* TASK ITEM
Each line of the records below that holds "gold" should be copied out.

* INPUT DATA
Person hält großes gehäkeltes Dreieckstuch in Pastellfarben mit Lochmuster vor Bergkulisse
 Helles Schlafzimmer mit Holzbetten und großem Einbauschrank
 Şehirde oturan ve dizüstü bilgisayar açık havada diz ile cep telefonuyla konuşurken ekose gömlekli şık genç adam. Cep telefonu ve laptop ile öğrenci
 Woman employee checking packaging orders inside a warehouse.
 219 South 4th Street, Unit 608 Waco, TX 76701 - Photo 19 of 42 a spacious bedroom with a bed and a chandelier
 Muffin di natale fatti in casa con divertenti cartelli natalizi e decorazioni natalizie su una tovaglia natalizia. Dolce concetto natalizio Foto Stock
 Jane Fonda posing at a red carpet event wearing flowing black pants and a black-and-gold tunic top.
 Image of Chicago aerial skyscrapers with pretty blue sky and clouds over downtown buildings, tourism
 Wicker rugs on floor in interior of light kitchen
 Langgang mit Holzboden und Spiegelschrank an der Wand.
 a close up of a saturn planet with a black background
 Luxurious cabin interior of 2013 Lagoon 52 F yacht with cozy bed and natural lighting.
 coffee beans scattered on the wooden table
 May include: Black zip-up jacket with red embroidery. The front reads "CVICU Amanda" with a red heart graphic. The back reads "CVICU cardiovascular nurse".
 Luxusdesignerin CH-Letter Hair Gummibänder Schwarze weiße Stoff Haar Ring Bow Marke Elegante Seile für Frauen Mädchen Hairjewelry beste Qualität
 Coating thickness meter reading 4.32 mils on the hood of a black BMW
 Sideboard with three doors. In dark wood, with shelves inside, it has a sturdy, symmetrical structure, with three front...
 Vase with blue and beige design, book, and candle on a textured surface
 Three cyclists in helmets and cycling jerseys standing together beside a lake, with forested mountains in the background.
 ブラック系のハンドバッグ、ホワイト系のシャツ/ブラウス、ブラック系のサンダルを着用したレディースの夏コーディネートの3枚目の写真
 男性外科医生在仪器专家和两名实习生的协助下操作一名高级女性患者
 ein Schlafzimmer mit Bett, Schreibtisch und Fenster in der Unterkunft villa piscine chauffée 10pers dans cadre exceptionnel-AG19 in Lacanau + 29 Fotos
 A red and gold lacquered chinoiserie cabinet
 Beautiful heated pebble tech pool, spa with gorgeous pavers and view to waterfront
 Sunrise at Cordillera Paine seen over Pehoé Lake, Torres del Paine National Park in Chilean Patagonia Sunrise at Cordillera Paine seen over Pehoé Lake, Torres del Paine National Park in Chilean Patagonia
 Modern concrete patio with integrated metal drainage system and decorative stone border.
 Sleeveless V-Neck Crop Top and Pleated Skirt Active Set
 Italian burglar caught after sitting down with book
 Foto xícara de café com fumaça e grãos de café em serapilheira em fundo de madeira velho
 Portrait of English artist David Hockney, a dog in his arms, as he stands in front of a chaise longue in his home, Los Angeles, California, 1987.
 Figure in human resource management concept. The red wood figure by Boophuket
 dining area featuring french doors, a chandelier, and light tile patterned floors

* THE ANSWER
 Jane Fonda posing at a red carpet event wearing flowing black pants and a black-and-gold tunic top.
 A red and gold lacquered chinoiserie cabinet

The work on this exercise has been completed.